The following information is printed in the ASBA publication, "Tennis Courts: A Construction and Maintenance Manual." This publication can be ordered using the online publications order form.

In planning tennis facilities, the question of how many courts to build is important. Studies indicate that facilities should be planned based on the number of players within 6 miles or 15-20 minutes driving time from the site. Consider the population within that radius.

According to the United States Tennis Association*, the following number of public and private courts is needed for markets of various sizes:

POPULATION NUMBER OF COURTS
15,000 20
25,000 30
50,000 50
100,000 80
250,000 130
500,000 210
750,000 270
1,000,000 320
1,250,000 360
1,500,000 400
More than 1,500,000 1 per 4000
 

In planning indoor tennis facilities, again consider the number of players within 15 to 20 minutes driving time from the facility. A good "rule of thumb" is that most markets can support one indoor tennis court for every 10,000 people. Depending on programming, each indoor court can support from 20 to 150 players.

When determining the number of courts to build, consider also how many of the existing courts in the community are public and how many are private, how many are indoor and how many are outdoor, how many outdoor courts are lighted and how many of the existing courts are of various surfaces. The popularity of tennis in the community, the average age and the average income of the population will increase or decrease the number of courts needed as well.

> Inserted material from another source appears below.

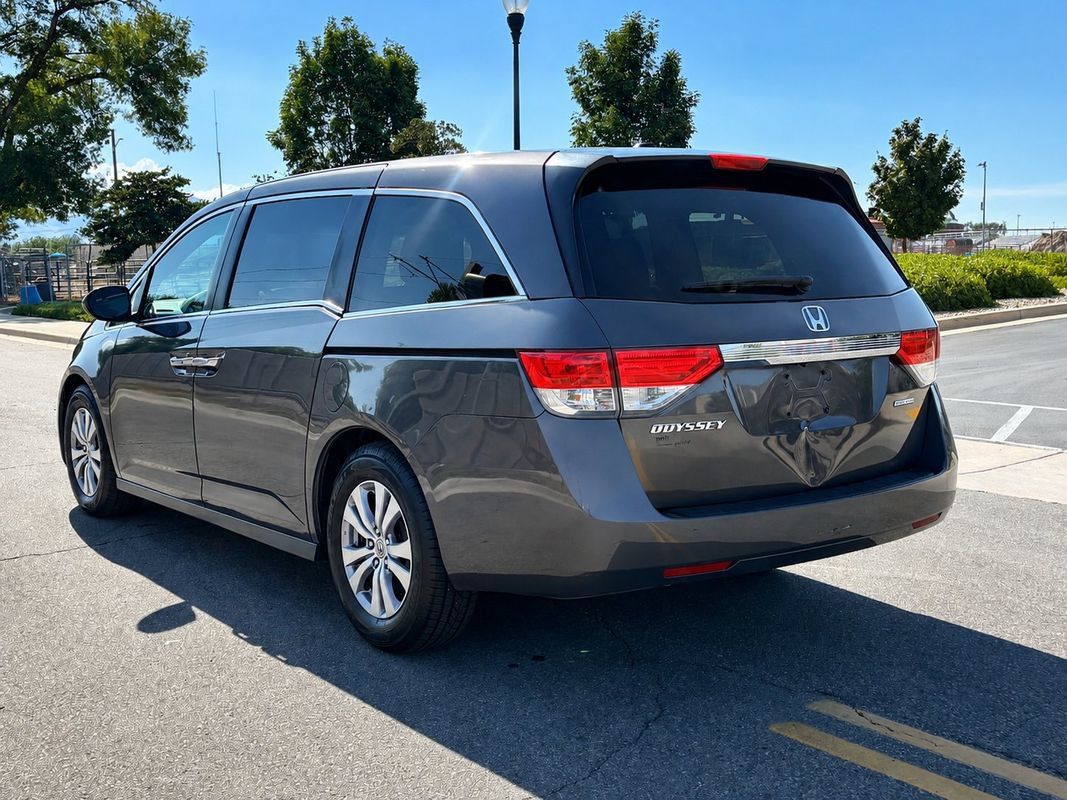 Used 2017 Honda Odyssey SE image 3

The number of courts needed depends not only on the number of players, but also on the number of times per week they play and whether they play singles or doubles. A serious player may play 3-4 hours or more per week, as much as or more than four occasional players. Similarly, singles players use twice as much court time as doubles players. For private tennis clubs frequented by serious players, one court will support 20 to 40 tennis players. For school courts, one court for 200 to 300 students may be adequate. For community tennis, the number of courts needed varies widely.

The degree of commitment to tennis programming may increase or decrease the number of courts needed. The more leagues, lessons, tournaments, etc. to be scheduled, the more courts will be needed. In fact, intended use of courts (league play, tournaments, instruction, recreation) affects the number of courts needed, the number of courts in each surface and the layout of courts.

Another factor which affects the number of courts needed is climate, which determines the length of the playing season for outdoor courts and the need for indoor courts. For outdoor courts, the length of the playing day is important; lighting will extend the playing day. To make the most of every available hour, whether outdoors or indoors, time reservations for courts will increase efficiency of scheduling play.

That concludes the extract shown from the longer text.